> Exercise requirements
Once the line containing "Prodaja, dvosoban stan, 54m², Detelinara, Novi" appears, output it and each remaining line of the records below exactly, with no pictures and nothing more.

◆ ◆ ◆

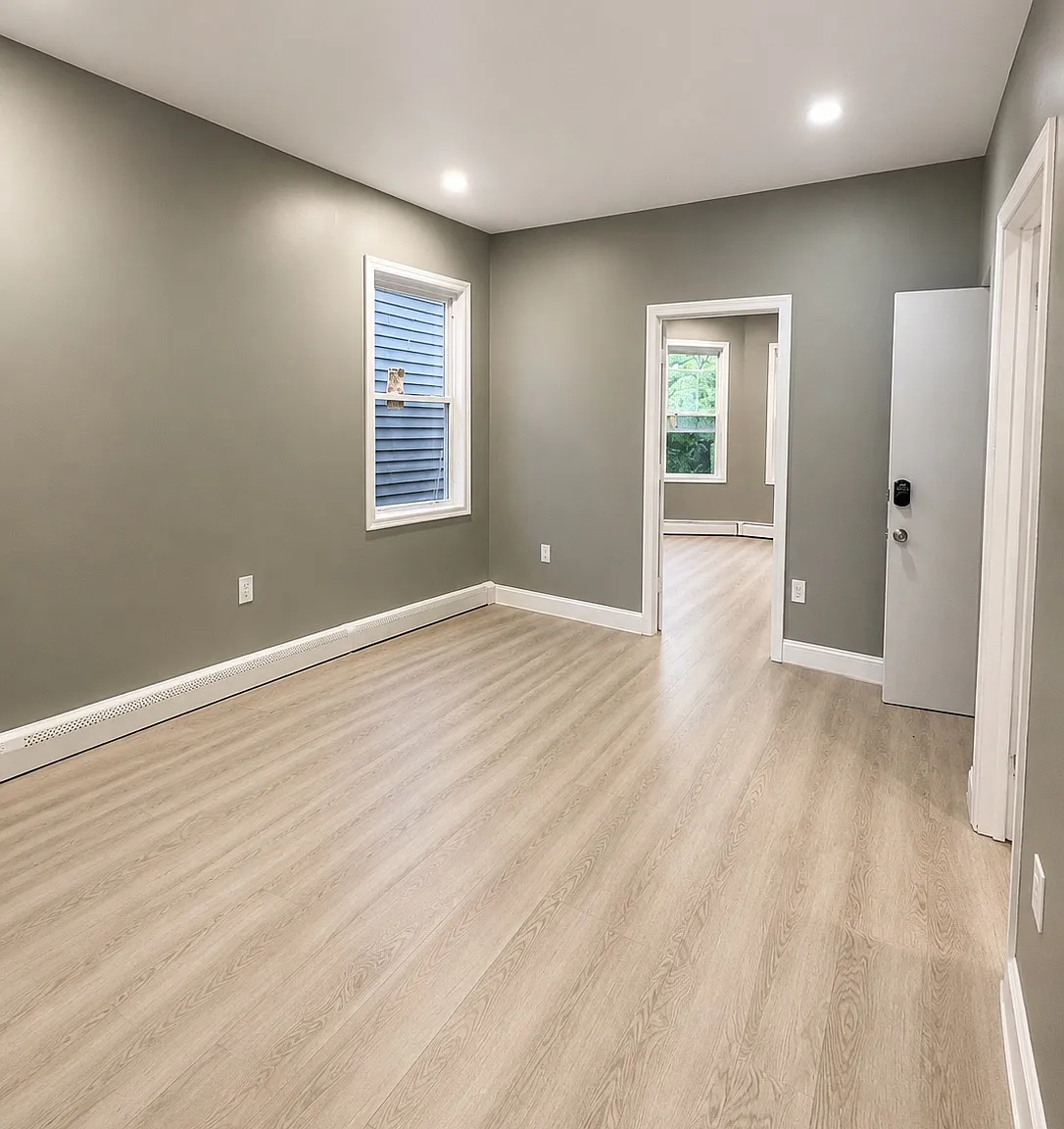 3 bed, 2330 sqft, $2,800 — Photo 2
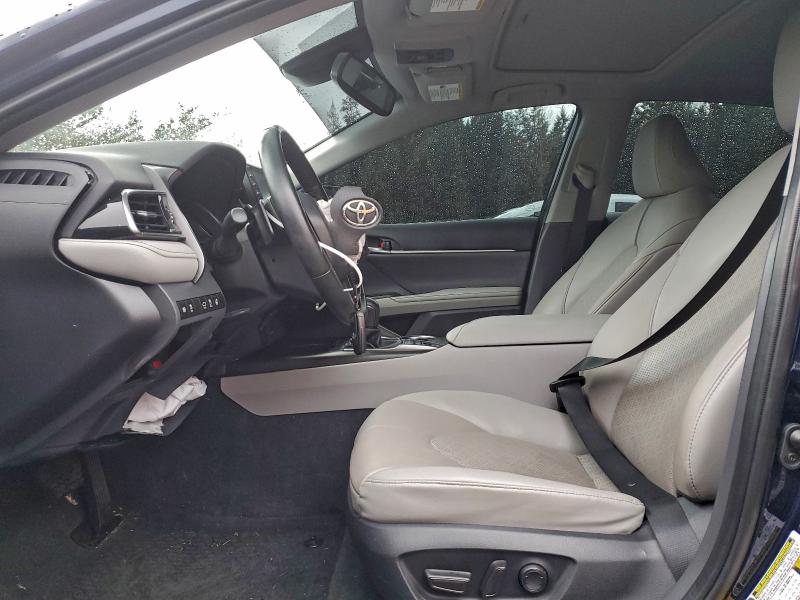 Фото 7 - TOYOTA CAMRY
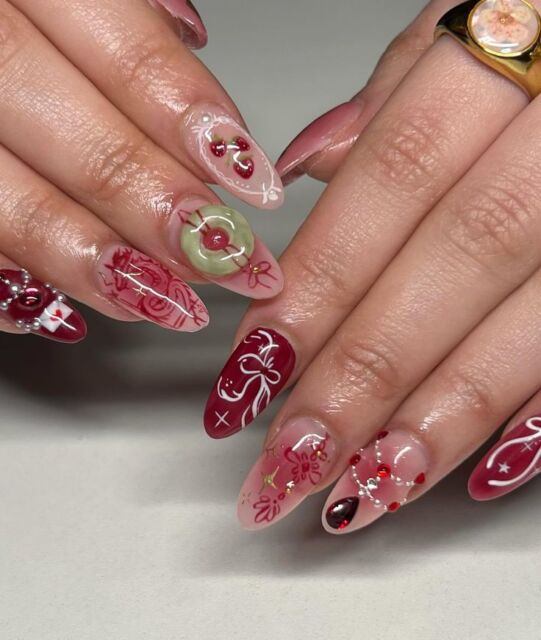 10 Ide Nail Art Imlek yang Estetik, Unik, dan Modern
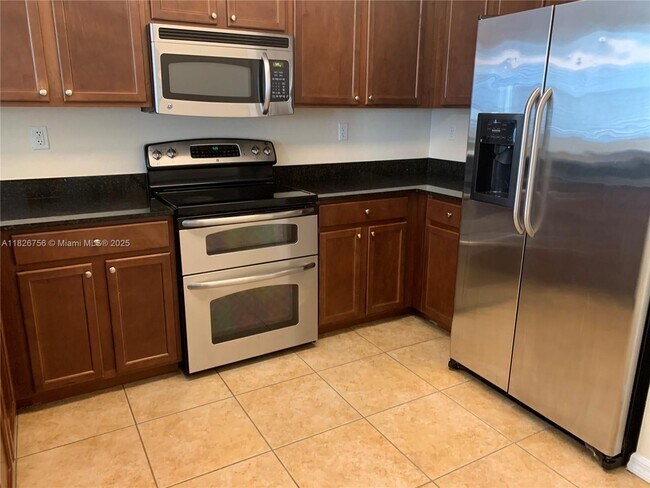 Foto del edificio - 10800 NW 88th Terrace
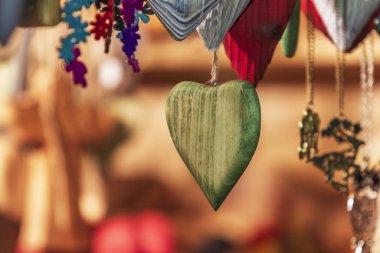 Noel süsleri ve sembolleri bir pazarda asılı duruyor..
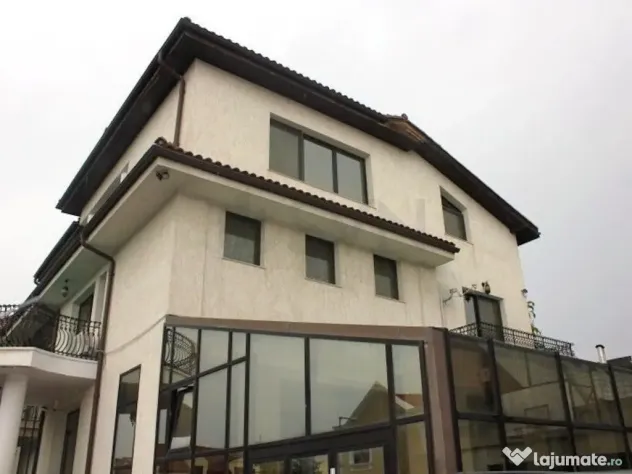 Vila Erou Iancu Nicolae cu Piscina interioara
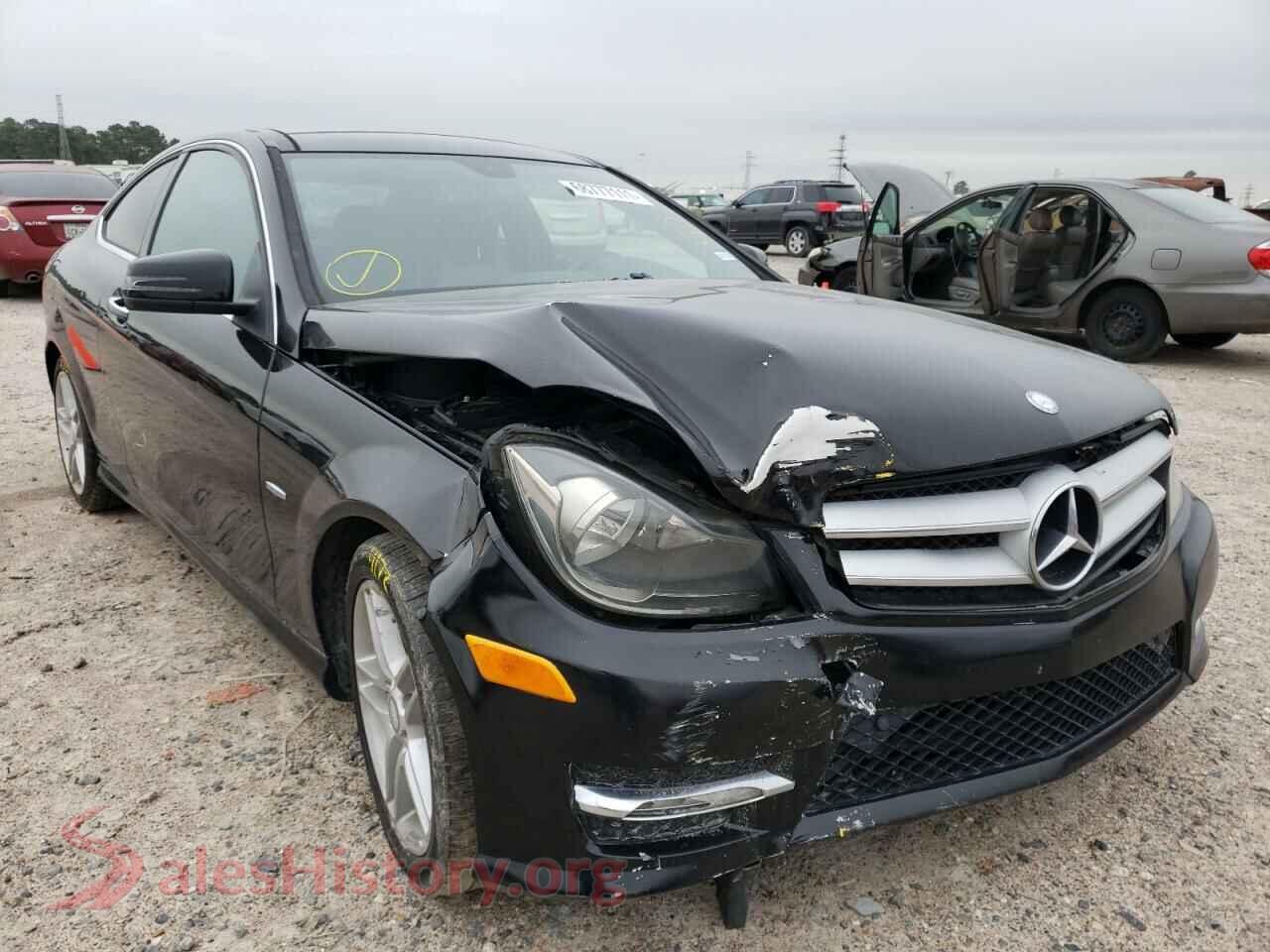 2012 MERCEDES-BENZ C-CLASS — VIN WDDGJ5HB7CF793366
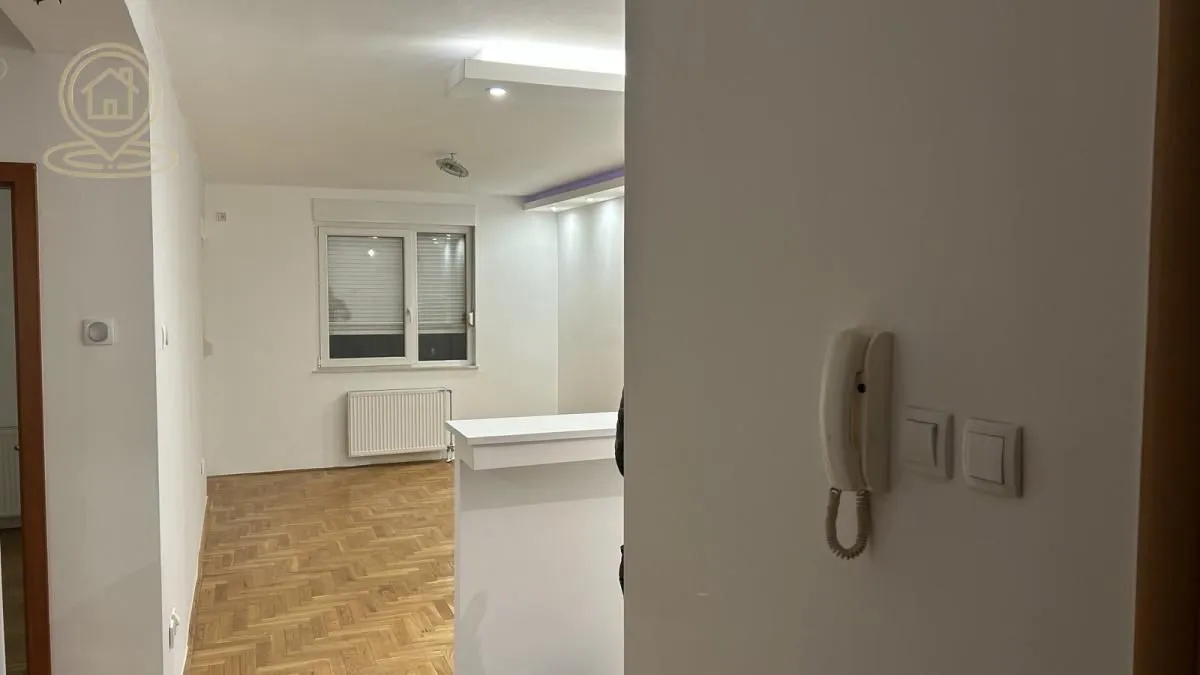 Prodaja, dvosoban stan, 54m², Detelinara, Novi Sad Sve Podlokacije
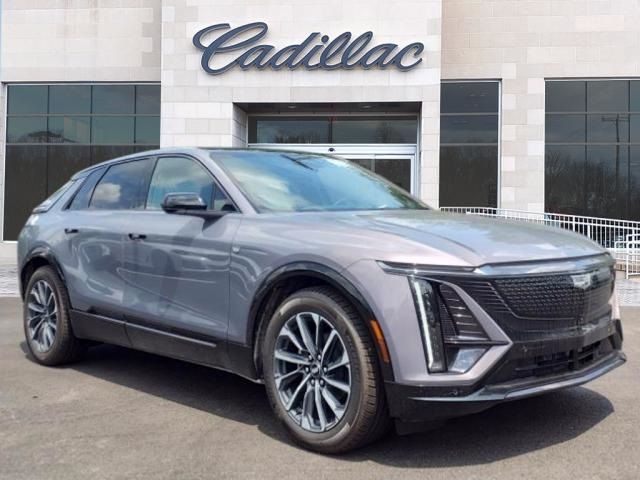 2024 Cadillac LYRIQ Sport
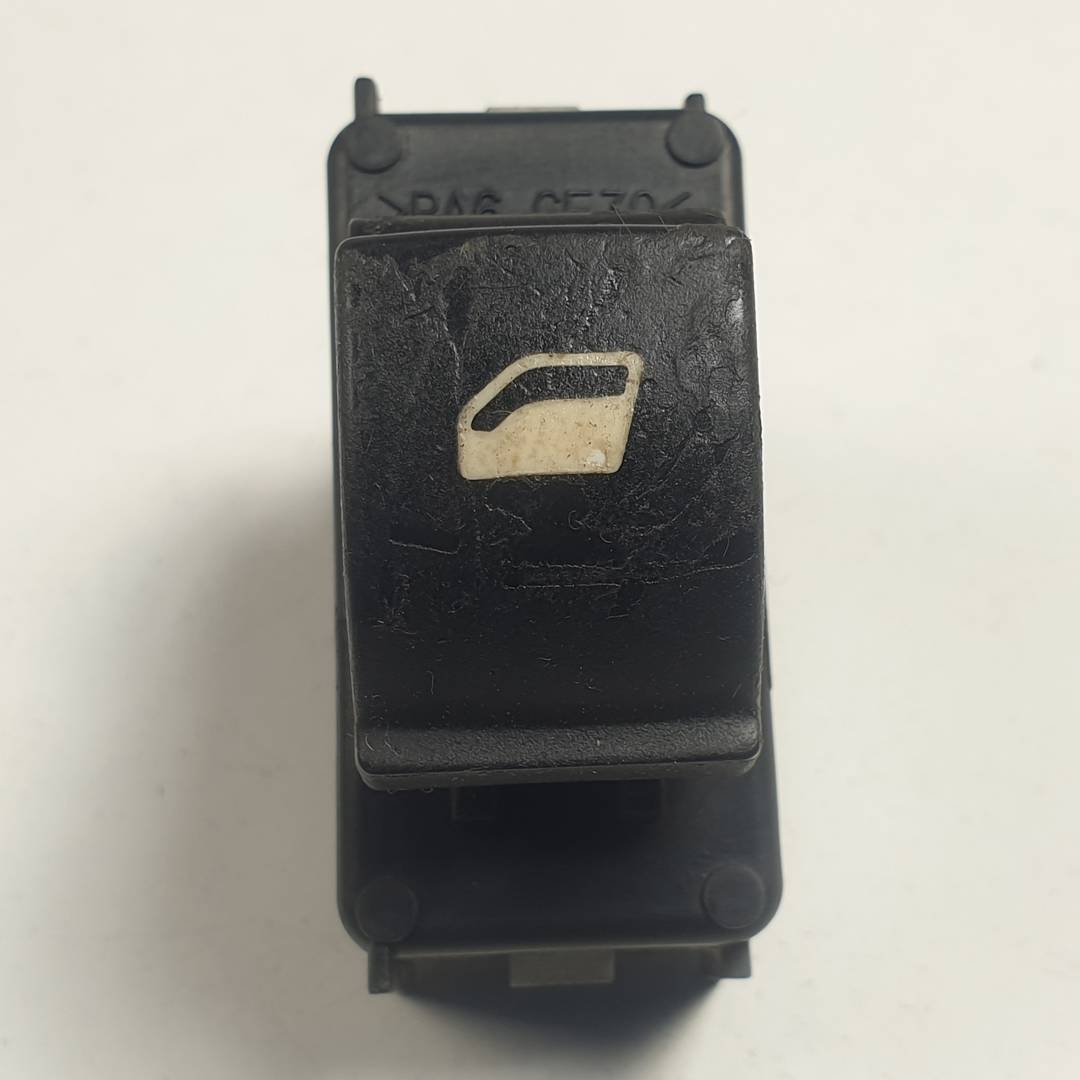 MANDO ELEVALUNAS TRASERO IZQUIERDO - 96657926XT - CITROEN - C4 BERLINA (B7)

◆ ◆ ◆

> Solution to the problem
 Prodaja, dvosoban stan, 54m², Detelinara, Novi Sad Sve Podlokacije
 2024 Cadillac LYRIQ Sport
 MANDO ELEVALUNAS TRASERO IZQUIERDO - 96657926XT - CITROEN - C4 BERLINA (B7)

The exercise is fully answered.